According to an article by the Russian Archpriest Victor Potapov, these people believe that physical life was born from death so it was logical for them to welcome the “new year” in the fall when, as they believed, the season of cold, darkness, decay and death began. The Celts believed that a certain deity, whom they called Samhain, was the lord of death. To him they gave honor at their New Year’s festival. On the eve of the festival the priests of the Celtic cult, the Druids, instructed their people to extinguish all hearth fires and lights and they ignited one large bonfire which was believed to be sacred. It was at that bonfire that sacrifices were made to the lord of death, Samhain. They believed that their lord, pleased with the offerings, would allow the dead to return to their homes. It was this belief that brought the tradition of wondering about in the dark dressed in costumes indicating ghosts, witches and demons.
Another belief of these ancient people was that their souls, if they were pleased by the offerings presented at the bonfire, could provoke the wrath of Samhain whose angels and servants could retaliate through a system of “tricks” or curses. Thus the dialogue of “trick or treat”. All of these things are a part of the modern “innocent” version of Halloween.

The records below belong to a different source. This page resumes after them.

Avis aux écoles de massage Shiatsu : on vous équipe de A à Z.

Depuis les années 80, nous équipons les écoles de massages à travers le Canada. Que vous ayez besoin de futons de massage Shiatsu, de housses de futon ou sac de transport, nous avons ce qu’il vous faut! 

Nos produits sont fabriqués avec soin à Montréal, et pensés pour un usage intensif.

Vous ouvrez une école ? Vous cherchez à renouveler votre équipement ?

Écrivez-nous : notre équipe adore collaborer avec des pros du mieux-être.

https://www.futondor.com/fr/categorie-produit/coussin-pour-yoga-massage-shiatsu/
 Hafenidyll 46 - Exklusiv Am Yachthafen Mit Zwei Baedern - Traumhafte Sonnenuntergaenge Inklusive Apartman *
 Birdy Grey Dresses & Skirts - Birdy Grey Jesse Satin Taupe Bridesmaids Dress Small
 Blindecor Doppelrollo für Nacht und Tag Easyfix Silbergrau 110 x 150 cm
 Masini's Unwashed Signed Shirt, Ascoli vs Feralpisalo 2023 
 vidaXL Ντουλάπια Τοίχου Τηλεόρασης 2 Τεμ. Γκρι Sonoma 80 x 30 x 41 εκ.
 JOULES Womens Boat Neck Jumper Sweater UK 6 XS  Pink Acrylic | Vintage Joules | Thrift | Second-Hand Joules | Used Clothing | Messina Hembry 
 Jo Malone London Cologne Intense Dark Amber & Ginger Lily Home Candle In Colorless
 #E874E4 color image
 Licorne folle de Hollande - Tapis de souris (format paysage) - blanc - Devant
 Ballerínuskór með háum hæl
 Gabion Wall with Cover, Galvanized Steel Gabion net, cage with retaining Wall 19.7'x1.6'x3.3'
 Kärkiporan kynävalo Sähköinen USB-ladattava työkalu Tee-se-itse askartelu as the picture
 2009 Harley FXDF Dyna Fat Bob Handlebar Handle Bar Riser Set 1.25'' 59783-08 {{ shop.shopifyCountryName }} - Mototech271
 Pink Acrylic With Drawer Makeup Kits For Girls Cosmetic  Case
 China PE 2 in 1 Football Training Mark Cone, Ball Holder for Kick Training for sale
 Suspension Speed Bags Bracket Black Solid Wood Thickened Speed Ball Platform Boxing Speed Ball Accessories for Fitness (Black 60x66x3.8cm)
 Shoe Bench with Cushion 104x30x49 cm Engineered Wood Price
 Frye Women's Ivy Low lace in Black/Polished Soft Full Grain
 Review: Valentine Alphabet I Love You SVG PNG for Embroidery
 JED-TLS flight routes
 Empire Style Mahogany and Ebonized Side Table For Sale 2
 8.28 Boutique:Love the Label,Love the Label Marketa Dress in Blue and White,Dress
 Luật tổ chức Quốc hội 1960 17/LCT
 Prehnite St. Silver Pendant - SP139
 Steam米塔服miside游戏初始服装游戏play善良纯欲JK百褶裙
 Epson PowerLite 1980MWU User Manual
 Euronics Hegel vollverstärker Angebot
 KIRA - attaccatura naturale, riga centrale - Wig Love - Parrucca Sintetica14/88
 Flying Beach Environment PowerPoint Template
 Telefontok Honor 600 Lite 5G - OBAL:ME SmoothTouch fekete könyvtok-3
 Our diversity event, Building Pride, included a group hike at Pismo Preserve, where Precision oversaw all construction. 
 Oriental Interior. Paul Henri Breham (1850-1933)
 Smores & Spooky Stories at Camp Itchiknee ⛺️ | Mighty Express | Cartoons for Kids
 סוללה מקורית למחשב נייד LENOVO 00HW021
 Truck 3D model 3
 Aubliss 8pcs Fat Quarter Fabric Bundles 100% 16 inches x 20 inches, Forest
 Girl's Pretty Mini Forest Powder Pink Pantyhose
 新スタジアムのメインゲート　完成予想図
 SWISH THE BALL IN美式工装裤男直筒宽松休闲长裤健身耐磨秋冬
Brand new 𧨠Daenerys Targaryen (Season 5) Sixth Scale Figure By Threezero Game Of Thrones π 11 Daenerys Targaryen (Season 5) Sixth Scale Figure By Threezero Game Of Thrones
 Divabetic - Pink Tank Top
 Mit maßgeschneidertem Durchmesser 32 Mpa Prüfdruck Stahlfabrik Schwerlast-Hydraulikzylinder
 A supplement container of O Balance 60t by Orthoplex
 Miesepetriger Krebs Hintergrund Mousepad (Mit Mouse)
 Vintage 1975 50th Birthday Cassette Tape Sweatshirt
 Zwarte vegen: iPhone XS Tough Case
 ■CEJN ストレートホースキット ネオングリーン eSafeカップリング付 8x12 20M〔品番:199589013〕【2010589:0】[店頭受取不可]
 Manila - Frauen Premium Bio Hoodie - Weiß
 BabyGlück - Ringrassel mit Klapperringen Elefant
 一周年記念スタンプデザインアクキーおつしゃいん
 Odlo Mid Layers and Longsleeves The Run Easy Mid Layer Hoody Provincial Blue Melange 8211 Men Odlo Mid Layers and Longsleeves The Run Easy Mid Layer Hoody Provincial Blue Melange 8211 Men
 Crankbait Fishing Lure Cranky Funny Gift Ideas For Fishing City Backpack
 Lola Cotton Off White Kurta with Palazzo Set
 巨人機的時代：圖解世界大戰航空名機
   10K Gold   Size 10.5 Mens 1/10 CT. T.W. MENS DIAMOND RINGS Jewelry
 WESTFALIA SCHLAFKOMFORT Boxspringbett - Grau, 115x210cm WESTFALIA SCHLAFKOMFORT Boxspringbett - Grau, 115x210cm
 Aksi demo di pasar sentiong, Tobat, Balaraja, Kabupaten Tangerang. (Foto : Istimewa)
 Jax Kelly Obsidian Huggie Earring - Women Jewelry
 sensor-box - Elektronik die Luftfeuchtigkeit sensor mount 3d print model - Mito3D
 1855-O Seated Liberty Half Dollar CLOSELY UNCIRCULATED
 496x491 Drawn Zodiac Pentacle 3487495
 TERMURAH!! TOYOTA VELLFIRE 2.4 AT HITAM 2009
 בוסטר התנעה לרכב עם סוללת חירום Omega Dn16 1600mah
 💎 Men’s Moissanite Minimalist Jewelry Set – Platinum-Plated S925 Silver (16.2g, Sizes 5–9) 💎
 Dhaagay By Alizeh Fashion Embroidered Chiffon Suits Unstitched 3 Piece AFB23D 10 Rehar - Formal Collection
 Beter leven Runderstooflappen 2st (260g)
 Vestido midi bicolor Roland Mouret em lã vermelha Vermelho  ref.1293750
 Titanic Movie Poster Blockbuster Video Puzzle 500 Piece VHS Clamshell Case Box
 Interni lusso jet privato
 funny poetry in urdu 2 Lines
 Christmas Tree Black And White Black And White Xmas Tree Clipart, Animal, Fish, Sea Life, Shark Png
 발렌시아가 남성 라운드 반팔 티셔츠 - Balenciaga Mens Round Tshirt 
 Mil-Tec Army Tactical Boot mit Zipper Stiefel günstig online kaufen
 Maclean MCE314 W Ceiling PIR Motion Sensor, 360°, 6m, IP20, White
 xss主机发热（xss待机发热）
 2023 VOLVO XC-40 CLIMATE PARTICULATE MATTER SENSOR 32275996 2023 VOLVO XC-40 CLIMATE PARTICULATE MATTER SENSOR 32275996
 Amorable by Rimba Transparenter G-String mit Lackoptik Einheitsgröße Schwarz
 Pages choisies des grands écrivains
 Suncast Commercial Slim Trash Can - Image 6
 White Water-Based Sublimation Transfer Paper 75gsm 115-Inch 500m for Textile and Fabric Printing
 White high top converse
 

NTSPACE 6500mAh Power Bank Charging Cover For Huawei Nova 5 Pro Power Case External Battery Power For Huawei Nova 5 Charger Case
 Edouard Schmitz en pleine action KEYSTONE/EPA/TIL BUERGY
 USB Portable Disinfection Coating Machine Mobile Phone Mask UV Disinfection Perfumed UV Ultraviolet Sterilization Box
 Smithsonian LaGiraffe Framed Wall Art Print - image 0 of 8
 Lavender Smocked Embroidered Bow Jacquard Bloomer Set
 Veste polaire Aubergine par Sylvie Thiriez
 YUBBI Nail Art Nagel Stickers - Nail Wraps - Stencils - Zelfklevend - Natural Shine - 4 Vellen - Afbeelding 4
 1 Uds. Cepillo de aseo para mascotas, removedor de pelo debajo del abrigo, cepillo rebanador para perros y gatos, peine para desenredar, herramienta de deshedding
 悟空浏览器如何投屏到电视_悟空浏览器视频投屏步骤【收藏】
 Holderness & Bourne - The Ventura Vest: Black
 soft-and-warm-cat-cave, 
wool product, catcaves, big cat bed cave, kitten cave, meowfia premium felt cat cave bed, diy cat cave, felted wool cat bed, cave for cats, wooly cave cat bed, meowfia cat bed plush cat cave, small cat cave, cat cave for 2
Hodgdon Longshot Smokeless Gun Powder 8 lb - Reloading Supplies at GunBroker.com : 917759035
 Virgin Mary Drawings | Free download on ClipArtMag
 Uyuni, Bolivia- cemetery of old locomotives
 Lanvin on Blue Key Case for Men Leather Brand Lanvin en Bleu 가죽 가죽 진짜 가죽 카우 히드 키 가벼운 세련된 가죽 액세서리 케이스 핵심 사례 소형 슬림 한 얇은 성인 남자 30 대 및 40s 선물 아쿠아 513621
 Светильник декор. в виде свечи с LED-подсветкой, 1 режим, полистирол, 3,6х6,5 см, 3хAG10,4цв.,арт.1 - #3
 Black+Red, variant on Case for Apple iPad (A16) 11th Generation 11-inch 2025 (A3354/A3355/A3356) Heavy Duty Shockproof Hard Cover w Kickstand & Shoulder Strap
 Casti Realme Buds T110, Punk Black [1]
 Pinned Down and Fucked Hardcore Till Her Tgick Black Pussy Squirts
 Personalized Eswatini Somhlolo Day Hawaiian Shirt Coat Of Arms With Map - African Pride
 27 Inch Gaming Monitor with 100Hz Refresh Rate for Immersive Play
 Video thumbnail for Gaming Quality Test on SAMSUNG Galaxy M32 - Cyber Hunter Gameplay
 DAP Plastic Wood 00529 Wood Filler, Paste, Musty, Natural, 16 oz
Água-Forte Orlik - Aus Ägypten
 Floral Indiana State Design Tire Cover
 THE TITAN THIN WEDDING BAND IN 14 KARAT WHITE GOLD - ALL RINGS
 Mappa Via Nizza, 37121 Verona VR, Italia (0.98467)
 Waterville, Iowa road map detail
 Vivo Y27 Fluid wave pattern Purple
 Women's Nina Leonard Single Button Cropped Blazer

There is nothing new in Church discouraging Christians from taking part in Halloween celebrations. After all, they’ve been doing it since in the early Celtic Church the Holy Fathers attempted to counteract this pagan new year festival by establishing the Feast of All Saints. While in the East this feast would fall on the Sunday after Pentecost, it was the custom of the Celts for the faithful to attend a vigil service on October 31 and a morning Divine Liturgy on November 1. Interestingly enough, it was this custom which created the term “Halloween”. The Old English of “All Hallow E’en,” i.e. the eve of the commemorating all those who were hallowed became known as Halloween.
A name that sounds Christian but has nothing to do with it.
There are alternatives to celebrating Halloween. If you are on the Old Calendar we commemorate St. Luke the Evangelist on October 31. On the other hand, if you are Protestant, well I suppose you can always commemorate the Reformation.